Rajahmundry railway station (station code:RJY) located in the Indian state of Andhra Pradesh, serves Rajahmundry in East Godavari district. It is administered under Vijayawada railway division of South Coast Railway zone (formerly South Central Railway zone). Rajahmundry railway station has computerized reservation facilities (with all-India linkage)

== History ==
The Godavari Dam Construction Railway was used for transporting materials for the construction of the Dowlaisweram Anicut at Rajahmundry around 1845. The project was completed in 1852 and the railway was closed down.

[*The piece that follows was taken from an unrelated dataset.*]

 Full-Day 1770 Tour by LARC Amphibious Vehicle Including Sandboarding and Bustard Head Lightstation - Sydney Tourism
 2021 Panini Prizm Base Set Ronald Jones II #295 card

Between 1893 and 1896, 1288 km of the East Coast State Railway, between Vijayawada and Cuttack was opened for traffic. The construction of the Old Godavari Bridge in 1897 and construction of the Vijayawada–Madras link in 1899 enabled the through running of trains. The southern part of the East Coast State Railway (from Waltair to Vijayawada) was taken over by Madras Railway in 1901.

== Classification ==
In terms of earnings and outward passengers handled, Rajahmundry is categorized as a Non-Suburban Grade-2 (NSG-2) railway station. Based on the re–categorization of Indian Railway stations for the period of 2017–18 and 2022–23, an NSG–2 category station earns between – crore and handles 10–20 million passengers.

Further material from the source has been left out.